Israel Sieff, Baron Sieff

From Wikipedia, the free encyclopedia
  (Redirected from Israel Sieff)
Jump to: navigation, search

Israel Moses Sieff, Baron Sieff (4 May 1889, Prestwich, Lancashire[1] – 14 February 1972, Marylebone, London[2]) was an English businessman and Zionist. He was born in Manchester, where his father, a migrant from Lithuania, founded a prosperous business.

Sieff was the son of Ephraim Sieff.[3] He was educated at Manchester Grammar School and Manchester University. One of the theatres at Manchester Grammar School is named in his honour.

In 1918 Sieff was a member of the Zionist Commission which visited Palestine under the leadership of Chaim Weizmann.

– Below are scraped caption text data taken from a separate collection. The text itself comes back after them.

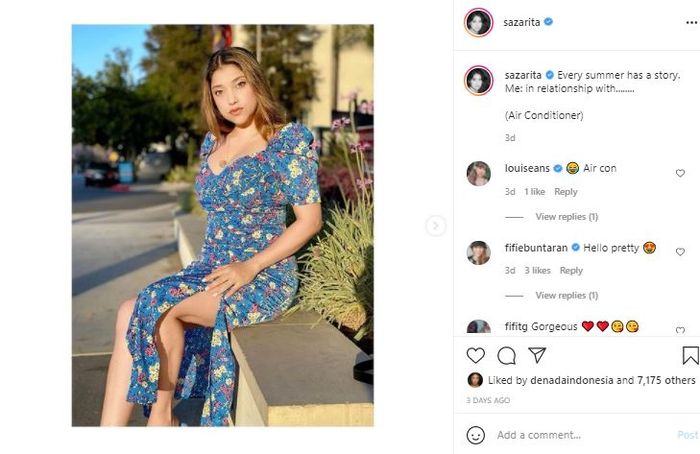 Penampilan seksi <a href='https://medan.tribunnews.com/tag/sarah-azhari' title='Sarah Azhari'>Sarah Azhari</a> yang menuai beragam pujian netizen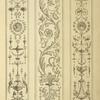 Three central vertical ornamental designs of vegetal shapes and leaves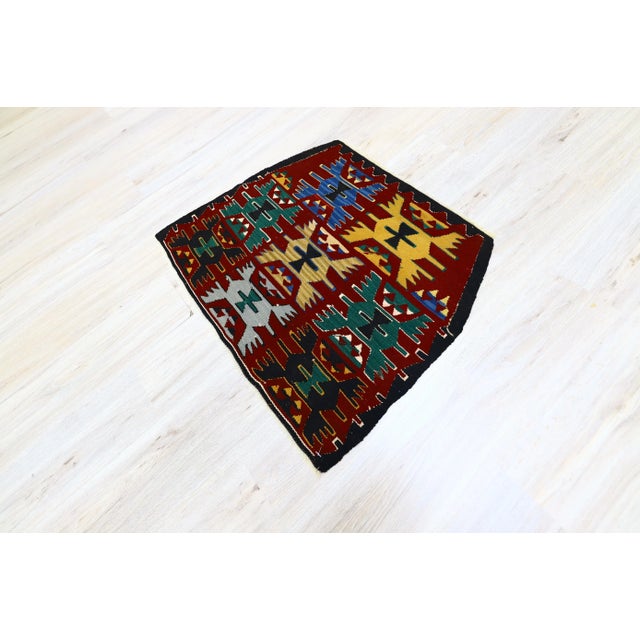 1960s Scandinavian Wool Red Handwoven Ethnic Kilim Rug For Sale - Image 4 of 13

Sieff was president of the Political and Economic Planning think-tank from its foundation in 1931 and its chairman until 1939. He was chairman of the British retailer Marks & Spencer from 1964 to 1967. On 18 January 1966 he was created a life peer as Baron Sieff, of Brimpton in the Royal County of Berkshire.[4]

Upon the death of his son Daniel—and with the financial support of his business partners and relatives by marriage, the Marks and Sacher families—Sieff endowed the 1934 creation, by Chaim Weizmann, of the Daniel Sieff Research Institute in Rehovot in present-day Israel. Renamed the Weizmann Institute of Science in 1949 with the Sieff family's consent, it is Israel's premier research university in the natural sciences.[citation needed]

The second of Sieff's three sons, Marcus, was also created a life peer, becoming Lord Sieff of Brimpton.